+++ DATA TO EXAMINE

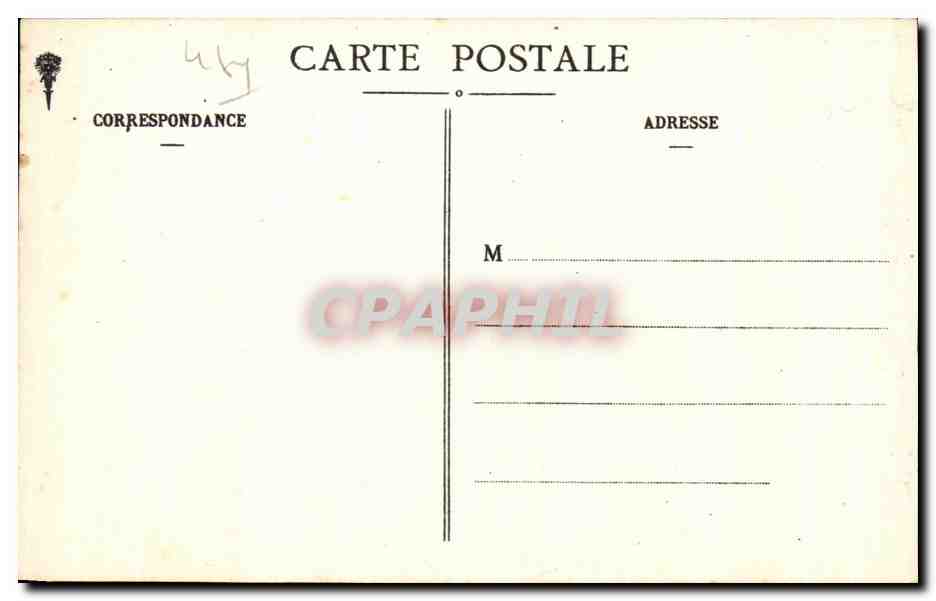 CPA Nantes Les Tours du Chateau — Verso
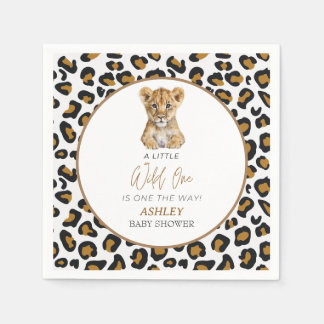Safari Baby Animals Baby Shower Napkin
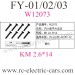 FeiYue FY-01 FY-02 FY-03 Cars Parts, Hexagon head self-attack Screws W12073, Desert falcon monster Truck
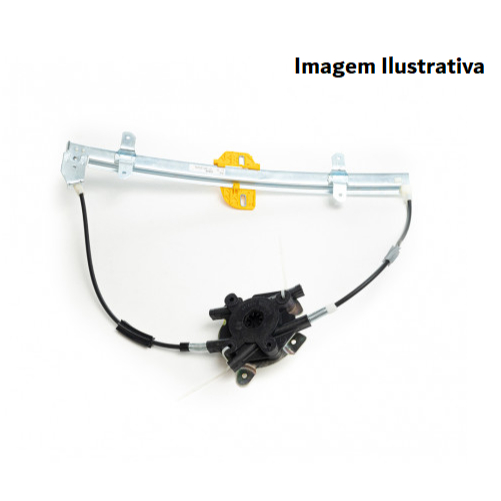 Máquina Vidro Elétrico - Direito - S/motor - Fix. Mabuchi - VW Gol GII 94 a 00 2P - Parati GII 96 a 00 2P - 20808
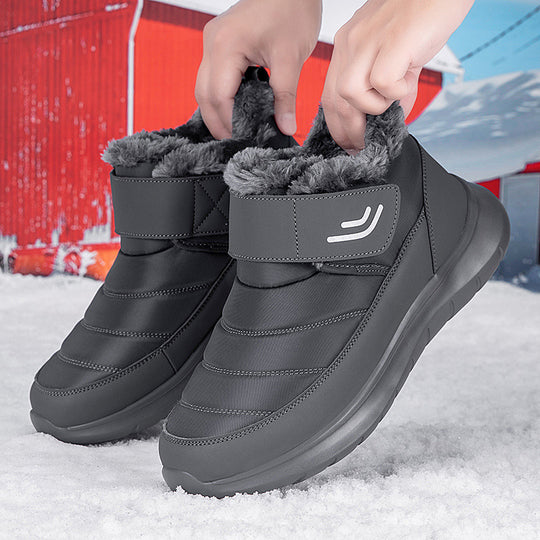 Damen isolierte Winterstiefel mit rutschfester Sohle und praktischem Klettverschluss EB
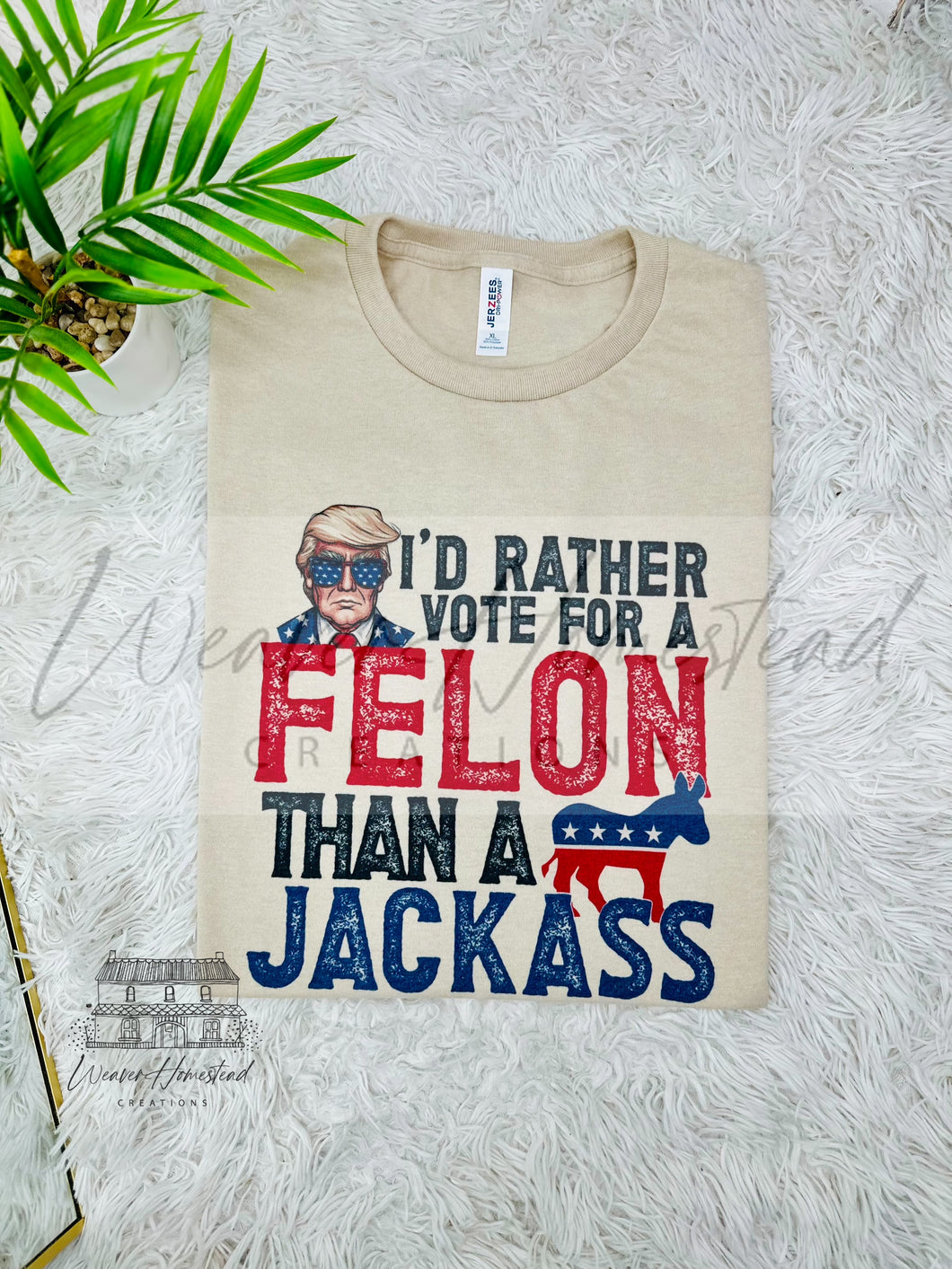 I’d Rather Vote Felon Than Jackass - TRUMP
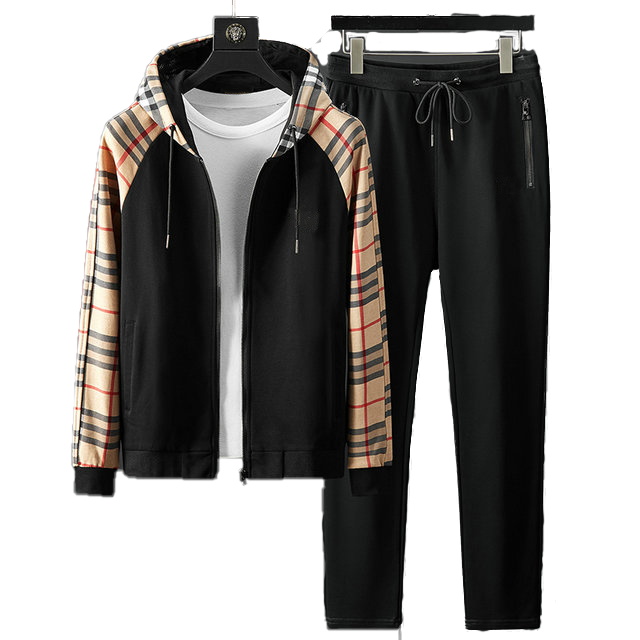 Men&#039;s Tracksuits Casual Suit 2022 Spring And Autumn Light Luxury Coat Fashion Embroidered Jacket Trousers Two Piece 9999-image-794856510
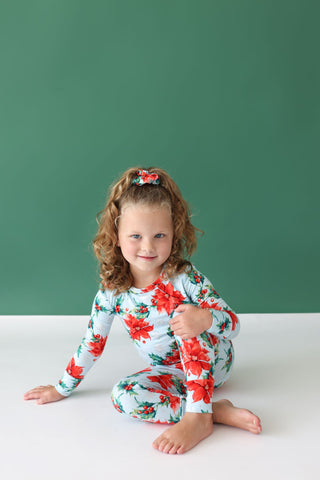 Posh Peanut Winter Lily L/S Basic Loungewear, Posh Peanut, All Things Holiday, cf-size-5t-6t, cf-type-pajama-set, cf-vendor-posh-peanut, Christmas, Christmas Pajamas, Pajama, Pajamas, Poinset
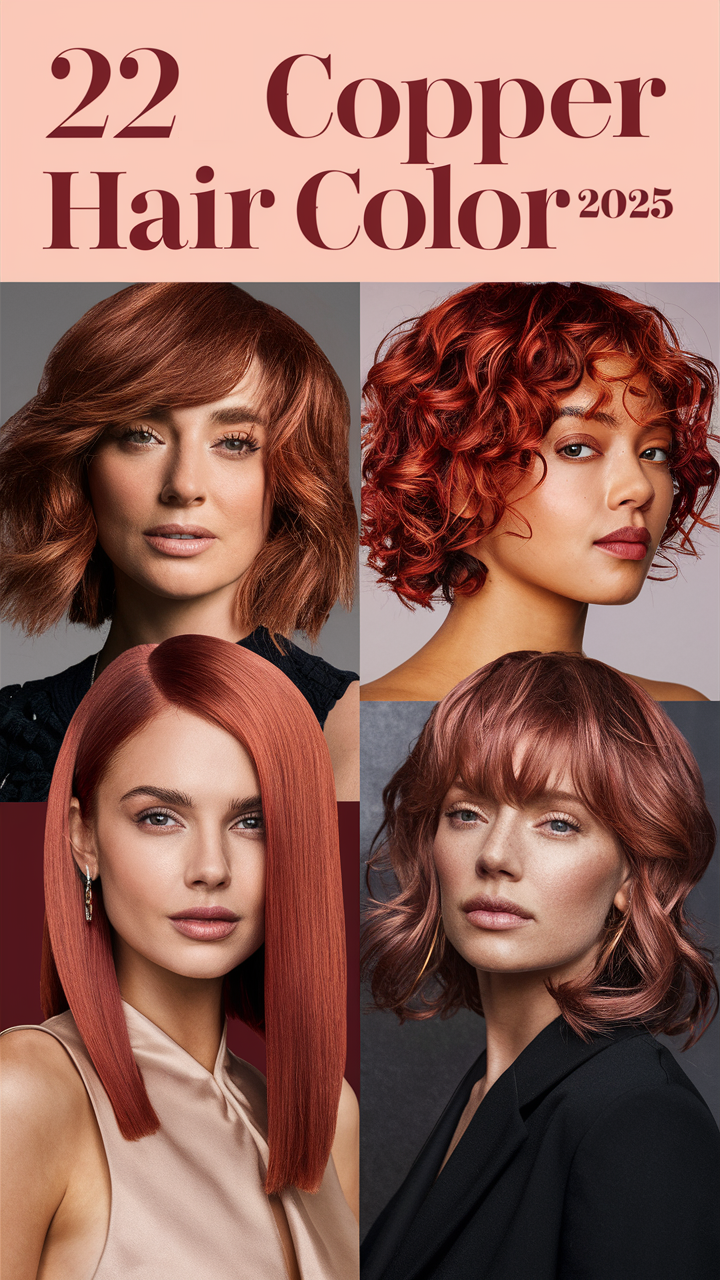 22 Inspiring Copper Hair Color Ideas for 2025: Natural, Ginger, and Rich Tones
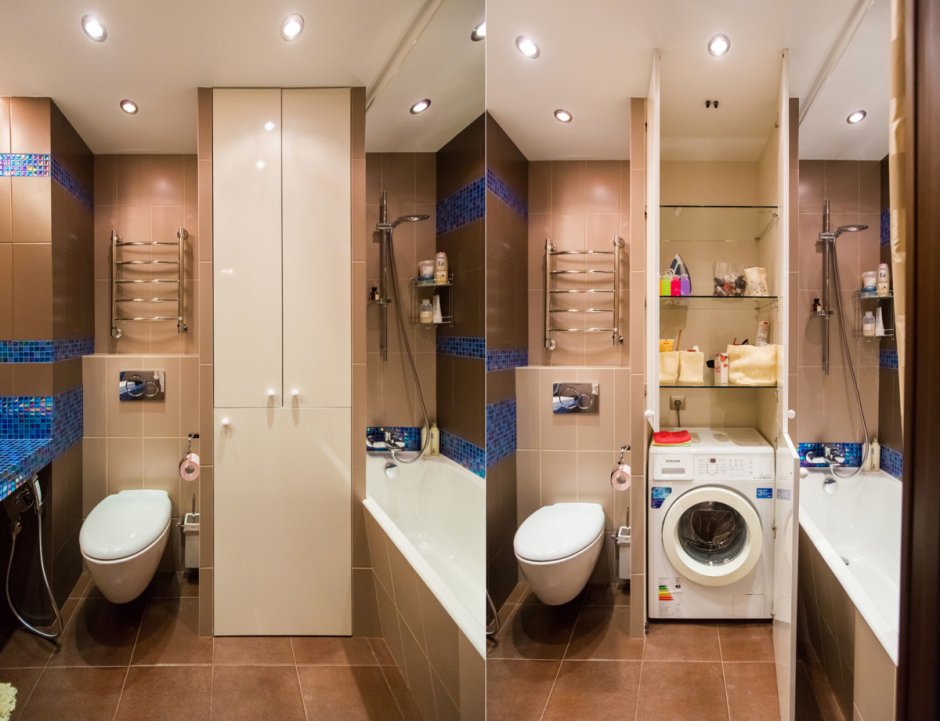 Объединить туалет с ванной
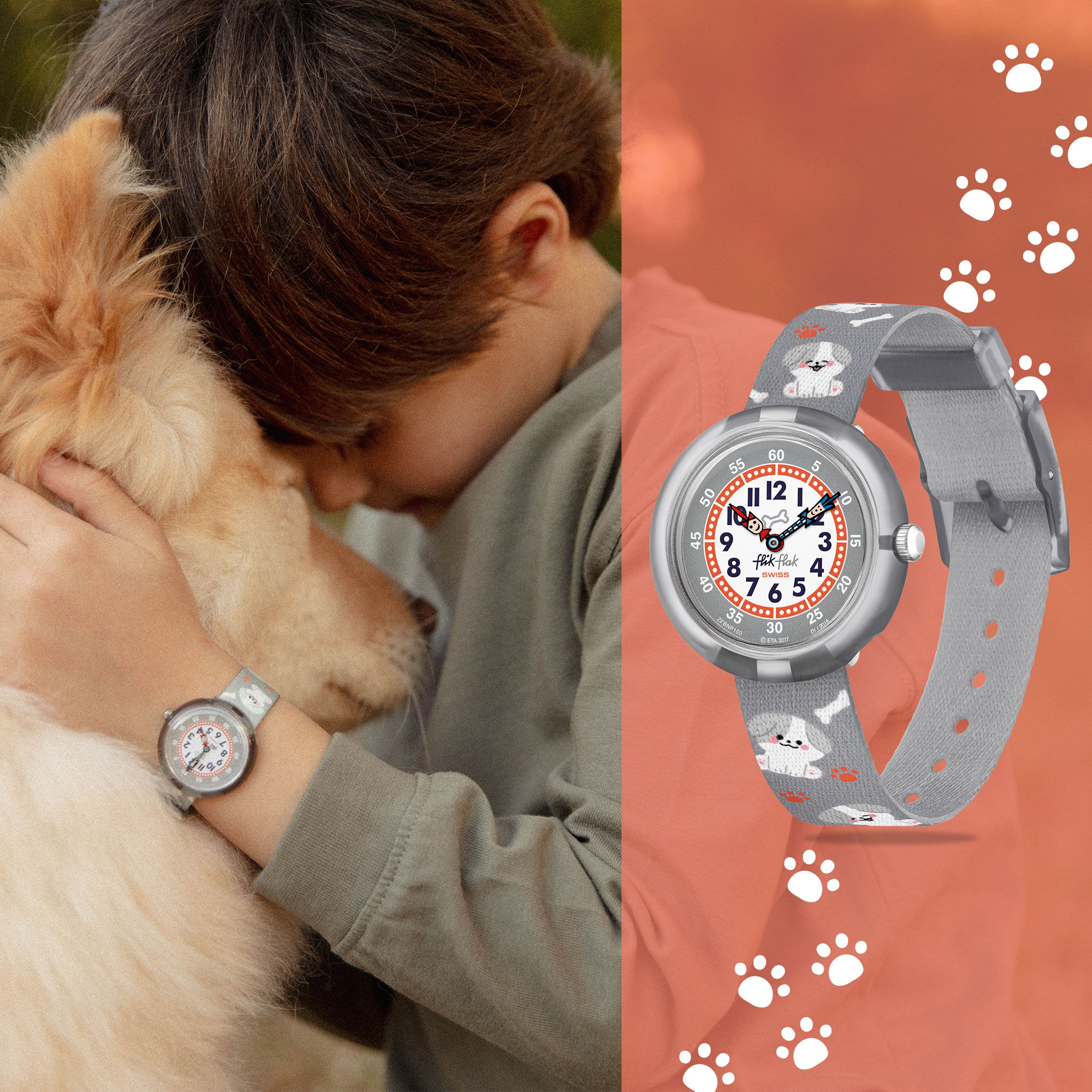 Flik Flak Chinese Zodiac Sign Dog watch for kids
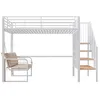 Merax Etagenbett Hochbett 140x200cm mit abnehmbarem Produktbild-Vorschau 7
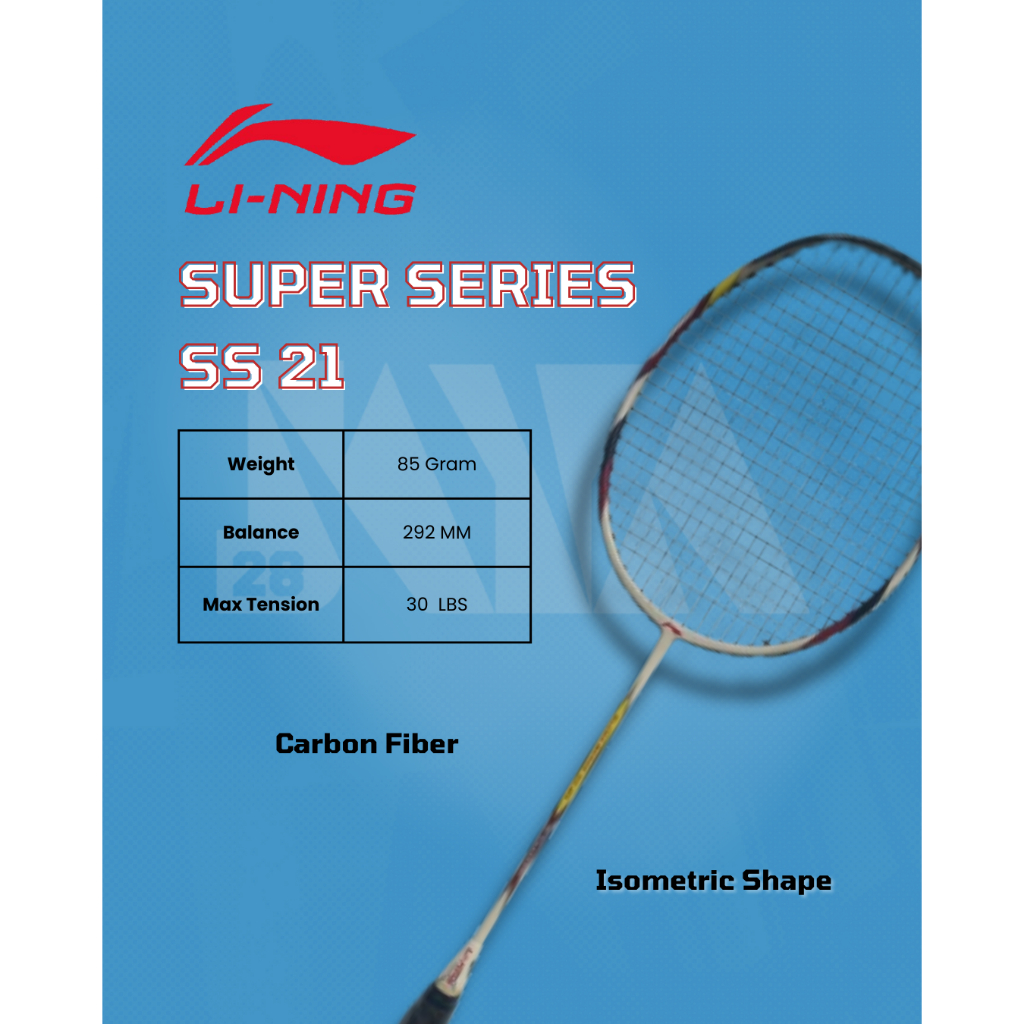 Raket LINING SUPER SERIES SS 21 ORIGINAL MURAH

++++++

__WHAT YOU WILL DO__. When you retype the material above, copy each line exactly and drop whatever images appear in it.

__FINISHED TASK__.
 CPA Nantes Les Tours du Chateau — Verso
Safari Baby Animals Baby Shower Napkin
 FeiYue FY-01 FY-02 FY-03 Cars Parts, Hexagon head self-attack Screws W12073, Desert falcon monster Truck
 Máquina Vidro Elétrico - Direito - S/motor - Fix. Mabuchi - VW Gol GII 94 a 00 2P - Parati GII 96 a 00 2P - 20808
 Damen isolierte Winterstiefel mit rutschfester Sohle und praktischem Klettverschluss EB
 I’d Rather Vote Felon Than Jackass - TRUMP
 Men&#039;s Tracksuits Casual Suit 2022 Spring And Autumn Light Luxury Coat Fashion Embroidered Jacket Trousers Two Piece 9999-image-794856510
 Posh Peanut Winter Lily L/S Basic Loungewear, Posh Peanut, All Things Holiday, cf-size-5t-6t, cf-type-pajama-set, cf-vendor-posh-peanut, Christmas, Christmas Pajamas, Pajama, Pajamas, Poinset
 22 Inspiring Copper Hair Color Ideas for 2025: Natural, Ginger, and Rich Tones
 Объединить туалет с ванной
 Flik Flak Chinese Zodiac Sign Dog watch for kids
 Merax Etagenbett Hochbett 140x200cm mit abnehmbarem Produktbild-Vorschau 7
 Raket LINING SUPER SERIES SS 21 ORIGINAL MURAH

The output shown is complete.